Records contained in a dataset:
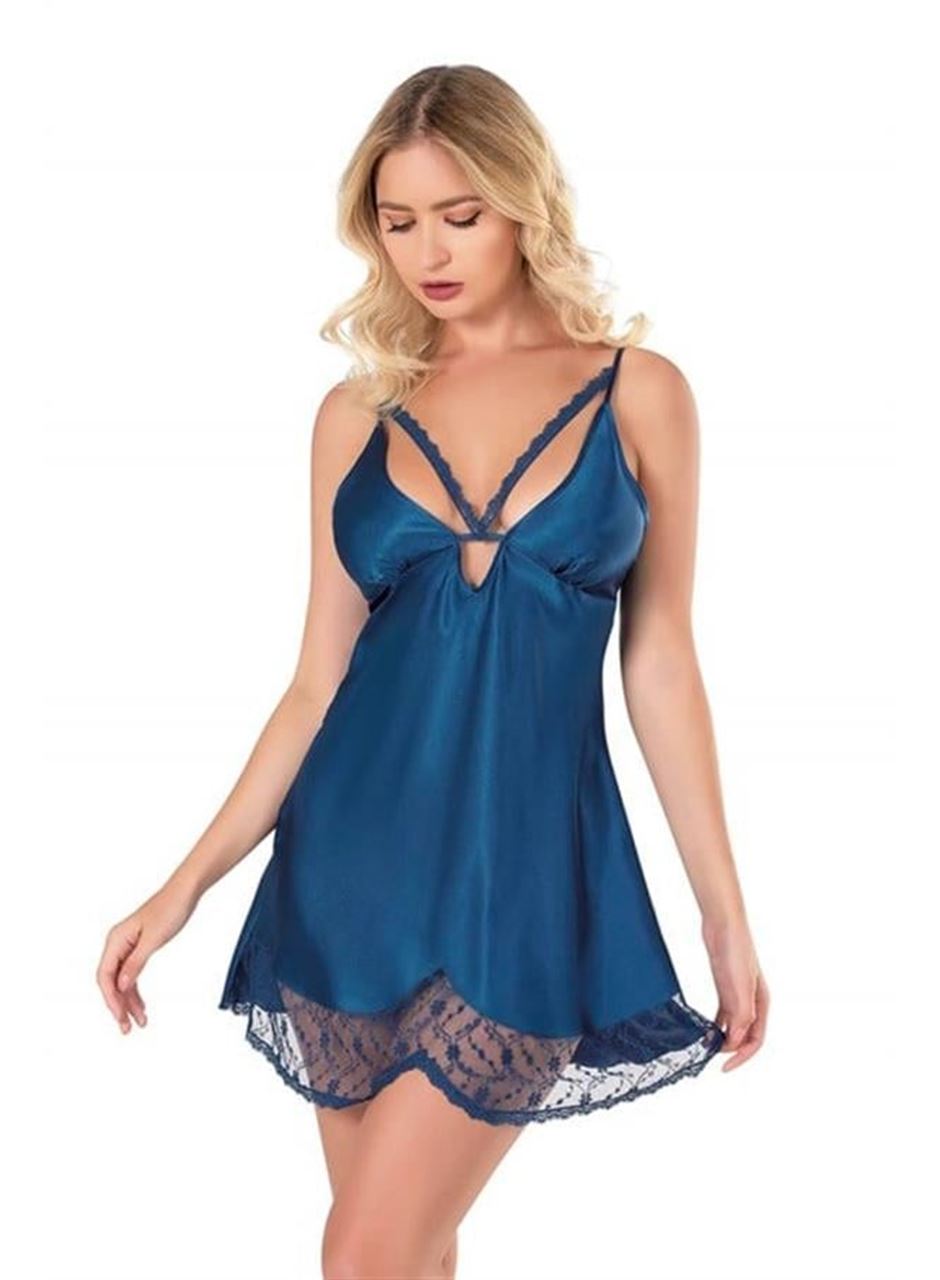 Petrol Saten Gecelik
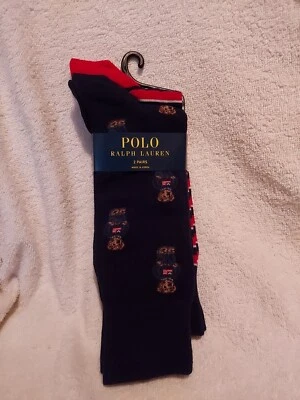 Polo Ralph Lauren Oso Calcetines Hombre Zapato Talla 6-12 1/2 Denim Azul/Rojo Paquete de 2 NUEVO Foto 1 de 4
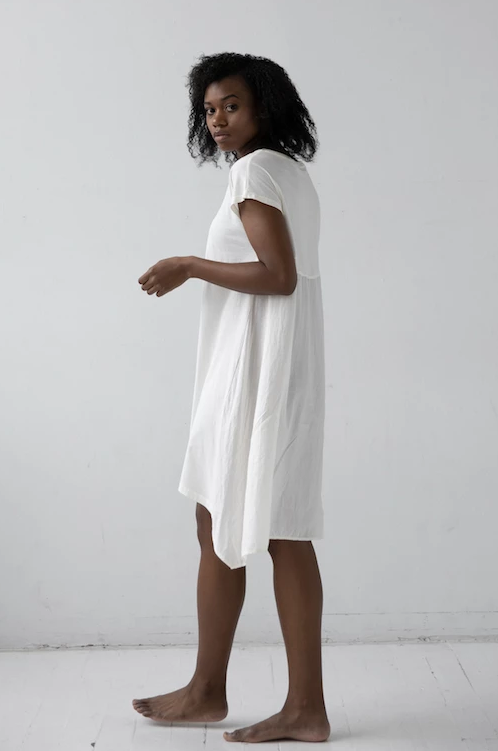 Cap Sleeve Nightgown - Soft Pima Cotton V Neck Nightdress With Asymmetrical Hem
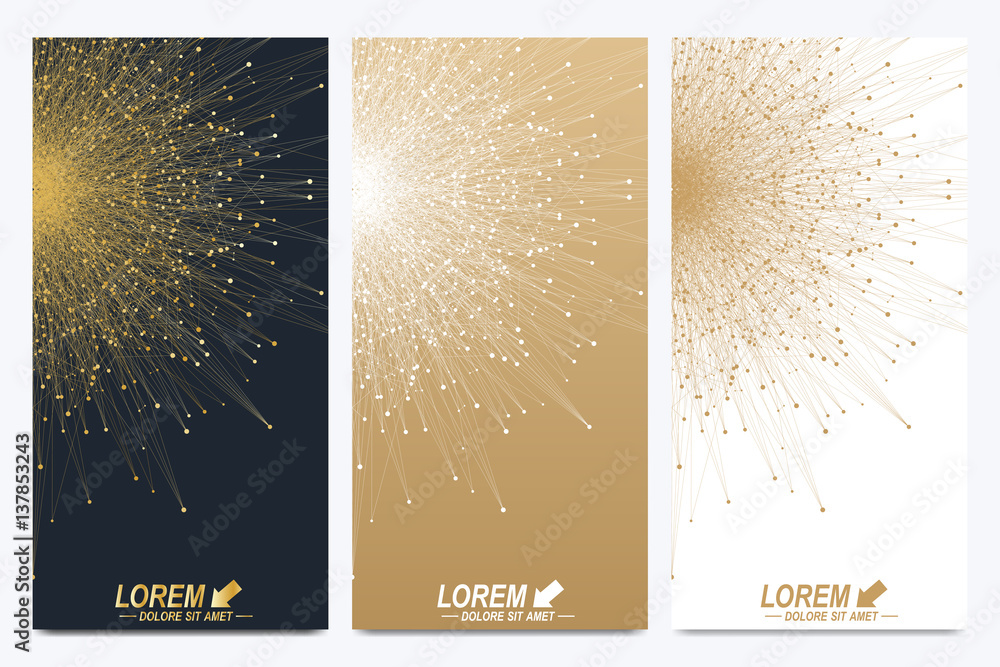 Poster Modern set of vector flyers. Geometric abstract presentation. Molecule and communication background for medicine, science, technology, chemistry. Golden cybernetic dots. Lines plexus. Card surface.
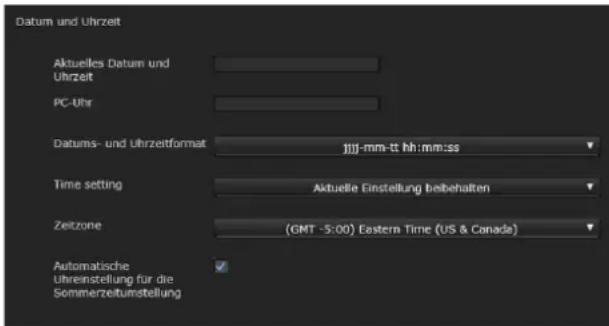 SONY SRG-301SE - Registerkarte Datum und Uhrzeit - 1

▸ **Activity**
Pictures are to be dropped, and every record is to be copied exactly.

▸ **Task answer**
 Petrol Saten Gecelik
 Polo Ralph Lauren Oso Calcetines Hombre Zapato Talla 6-12 1/2 Denim Azul/Rojo Paquete de 2 NUEVO Foto 1 de 4
 Cap Sleeve Nightgown - Soft Pima Cotton V Neck Nightdress With Asymmetrical Hem
 Poster Modern set of vector flyers. Geometric abstract presentation. Molecule and communication background for medicine, science, technology, chemistry. Golden cybernetic dots. Lines plexus. Card surface.
 SONY SRG-301SE - Registerkarte Datum und Uhrzeit - 1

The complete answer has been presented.